Data Mesh with Emily Gorcenski | Speaker interview
Emily Gorcenski is the Head of Data & AI for Thoughtworks Germany and one of the key note speakers at Business Architecture Convention in November. Emily’s background in computational mathematics and research engineering has led her to solve interesting problems across a wide range of industries, from spaceflight to retail and medical devices. Most recently, she has been working on Data Mesh theory and practice and is using her engineering and science background to develop best practices for data product development. A passionate activist, she has also used her skills to contribute to award-winning data journalism.
How would you explain data mesh to someone who is new to the concept?
The simple way of explaining Data Mesh is that it is similar to a microservices architecture, but for analytical data instead of operational systems. In short, Data Mesh emerged because of the drawbacks inherent in centralizing analytical data work into domain-agnostic teams. Not only are these teams increasingly overworked and unable to produce results in time, but they are also not aware of the meaning of the data they are processing. Data Mesh hopes to solve that by connecting people who need data directly to people who have data.
What are the biggest challenges when going from a centralized approach to data, to data mesh and decentralization?

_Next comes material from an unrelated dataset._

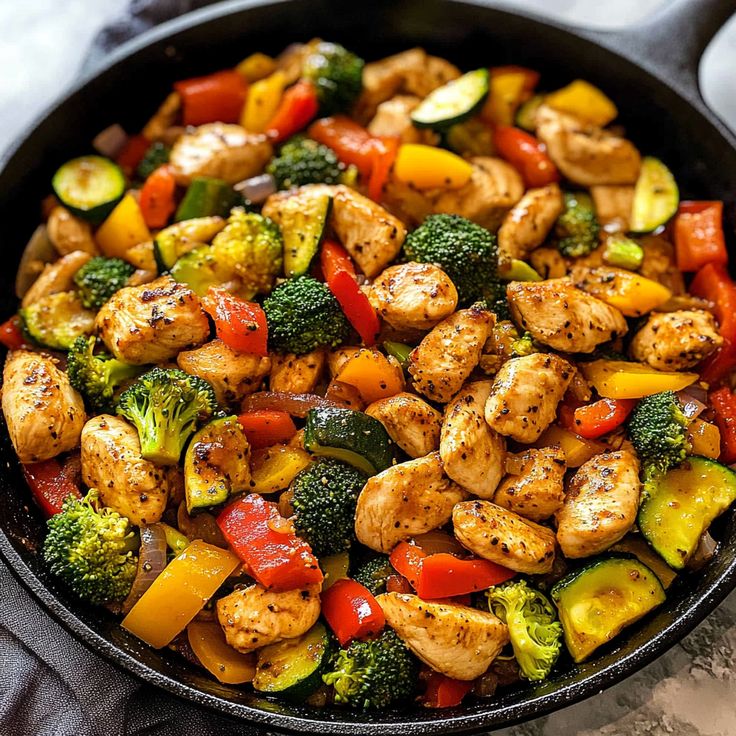 a skillet filled with chicken, broccoli and zucchini stir fry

The biggest challenge is a shift in organizational mindset. Data Mesh turns a lot of conventional wisdom on its head and also puts a lot of responsibility (e.g. data quality management) into teams not accustomed to having that responsibility. This means we need to make these processes simpler through automation, well-designed self-service platforms, and also education and upskilling. This is a lot of work up front, and it’s not easy.
“…we are only barely scratching the surface of what we can do with data”

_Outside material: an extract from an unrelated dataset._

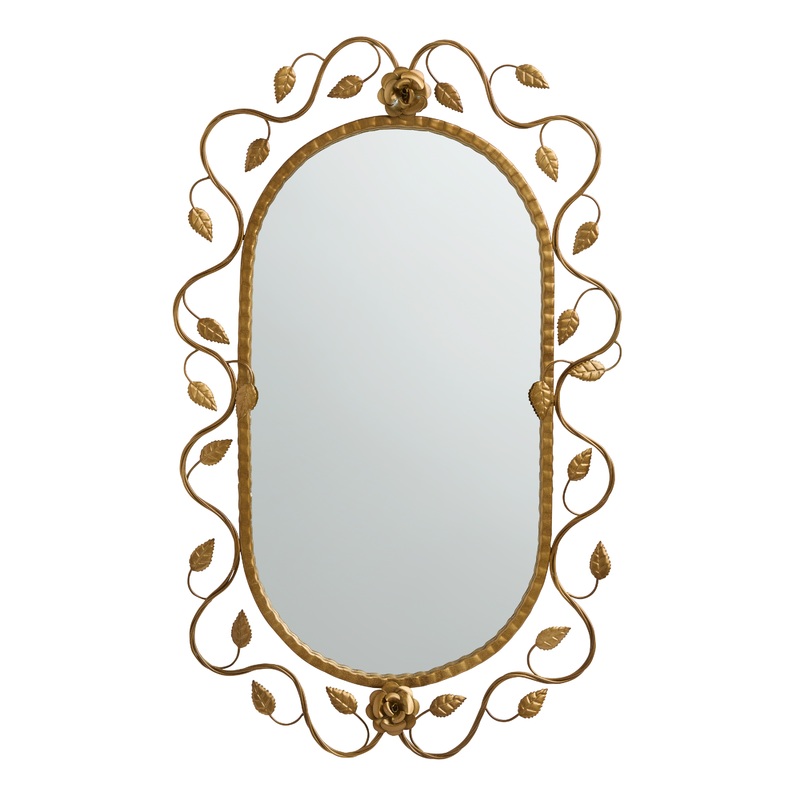 Oval Antique Gold Metal Rose and Vine Wall Mirror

You will participate at Business Architecture Convention in November. What do you wish for the participants to take away from you session?
My main hope with Data Mesh is that people start to truly understand data as a strategic business asset. I hope that the attendees start to understand that we are only barely scratching the surface of what we can do with data, and that a strong data mesh architecture will unlock possibilities for analytics, AI, and experimentation that go way beyond the conventional use cases for data. The main message is that what we do is limited by the architectures we have, and with a new approach, we’ll soon be seizing opportunities we never knew we had.